In one radio message, a Russian soldier reportedly informs another how he and others shot dead a person on a bicycle. In another message a speaker allegedly recounts how the Russian military interrogated enemy soldiers before killing them.

Overnight, Russia kept up its barrage on several cities, striking fuel storage sites around Mykolaiv, Zaporizhzhia, Kharkiv and Chuguev using cruise missiles fired from ships in the Black Sea.

A Ukrainian naval vessel caught fire under unclear circumstances in the besieged port city of Mariupol, satellite photos from Planet Labs PBC analyzed Thursday by The Associated Press show.

Mariupol has experienced some of the war's greatest deprivations, and the mayor said Wednesday that more than 5,000 civilians have been killed there, including 210 children. Russian forces are fighting street by street to capture the city; doing so would allow it to secure a land corridor to the Crimean Peninsula, which Moscow seized from Ukraine in 2014.
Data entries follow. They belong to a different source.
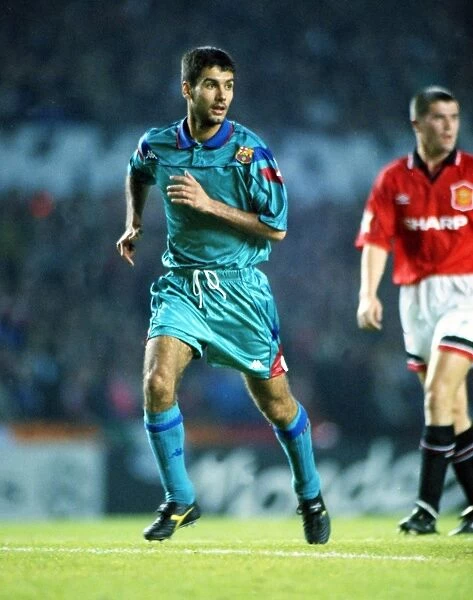Pep Guardiola in 1994
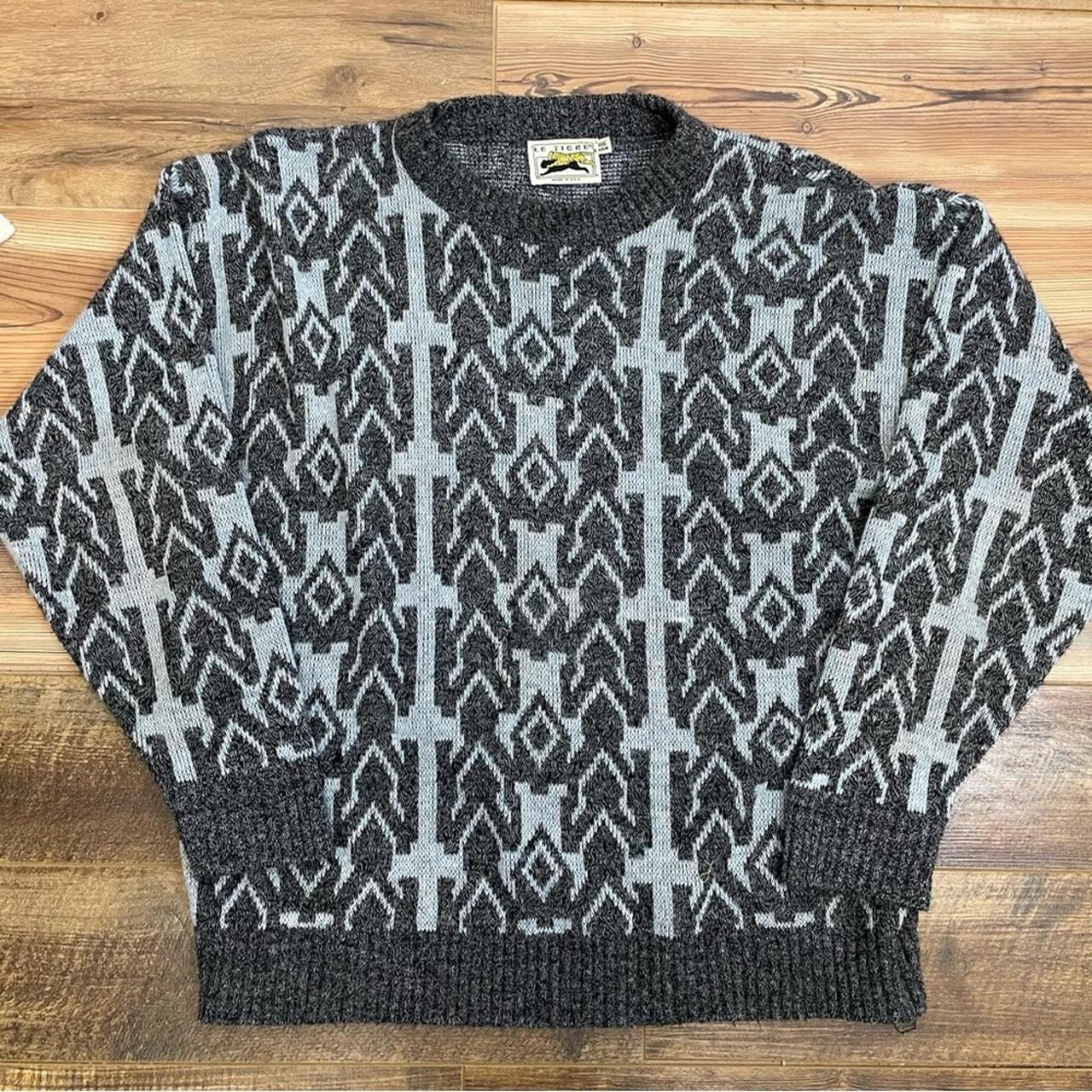 Le Tigré • Vintage Pullover hot Sweater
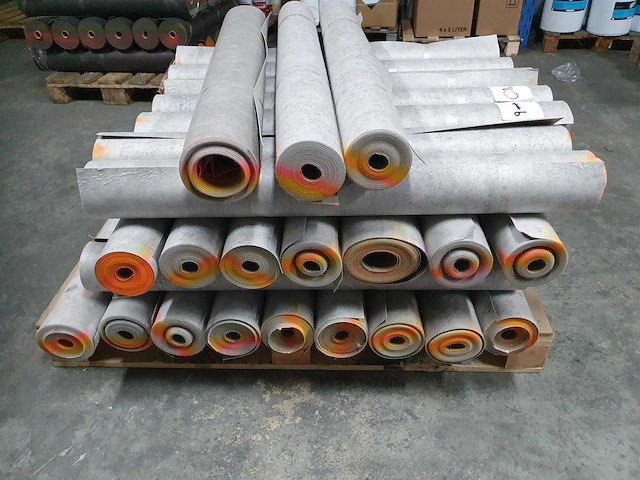 10db geluidswerend pu rubber ondervloer (ca. 261m2) - afbeelding 6 van  7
Since the war started, Russia and Ukraine have held talks, both by video link and in person, but have not found common ground to end the fighting.

Russian Foreign Minister Sergey Lavrov on Thursday accused Ukraine of backtracking on proposals it had made over Crimea and Ukraine’s military status. Lavrov accused Washington and its allies of pushing Ukraine to keep fighting, but said Russia intended to continue the talks.


Schreck reported from Kyiv, Ukraine. Associated Press journalists around the world contributed to this report.